> _Brief descriptive captions_
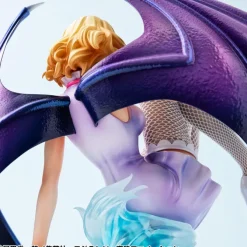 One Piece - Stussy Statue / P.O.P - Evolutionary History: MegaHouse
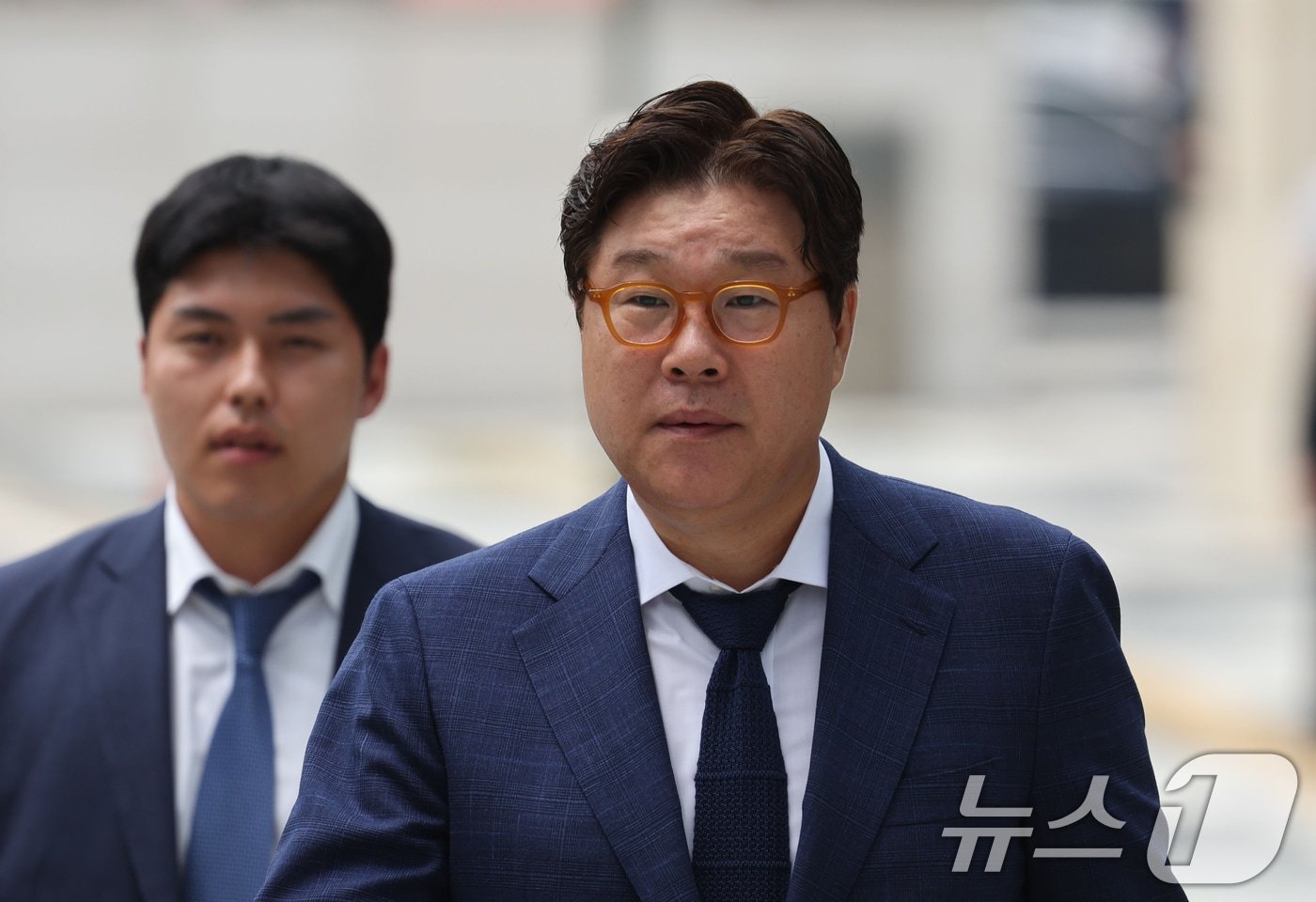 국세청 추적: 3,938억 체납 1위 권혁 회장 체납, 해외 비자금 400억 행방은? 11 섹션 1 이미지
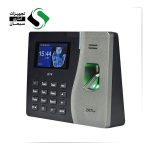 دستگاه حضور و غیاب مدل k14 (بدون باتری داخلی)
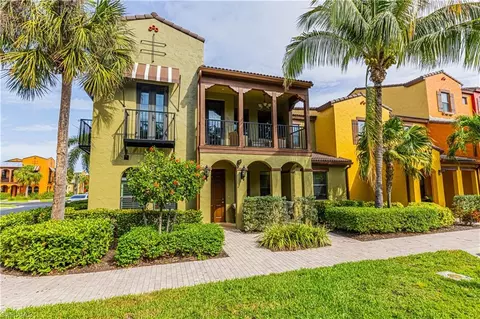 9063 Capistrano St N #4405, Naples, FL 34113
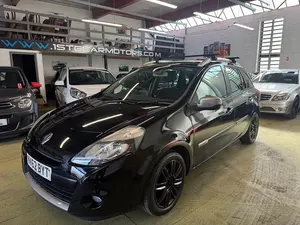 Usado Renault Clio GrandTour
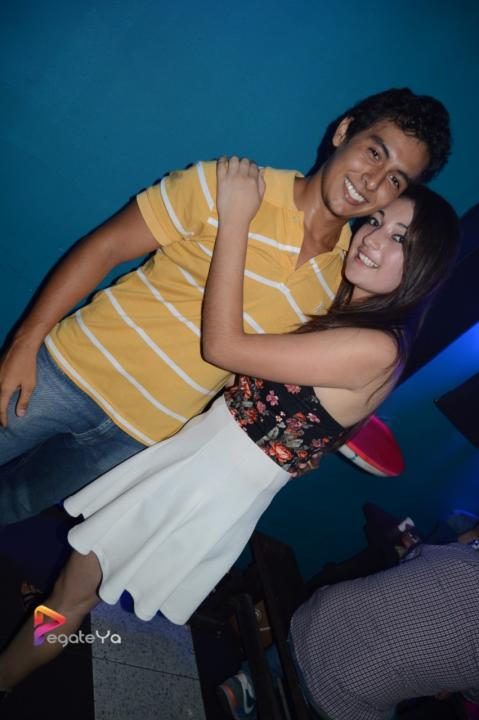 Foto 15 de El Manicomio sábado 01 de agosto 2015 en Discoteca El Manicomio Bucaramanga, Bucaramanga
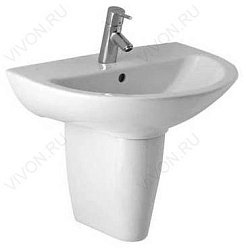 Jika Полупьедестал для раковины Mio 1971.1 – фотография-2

> _EXERCISE AIM_
The data must come back word for word, with every picture removed.

> _COMPLETED TASK_
 One Piece - Stussy Statue / P.O.P - Evolutionary History: MegaHouse
 국세청 추적: 3,938억 체납 1위 권혁 회장 체납, 해외 비자금 400억 행방은? 11 섹션 1 이미지
 دستگاه حضور و غیاب مدل k14 (بدون باتری داخلی)
 9063 Capistrano St N #4405, Naples, FL 34113
 Usado Renault Clio GrandTour
 Foto 15 de El Manicomio sábado 01 de agosto 2015 en Discoteca El Manicomio Bucaramanga, Bucaramanga
 Jika Полупьедестал для раковины Mio 1971.1 – фотография-2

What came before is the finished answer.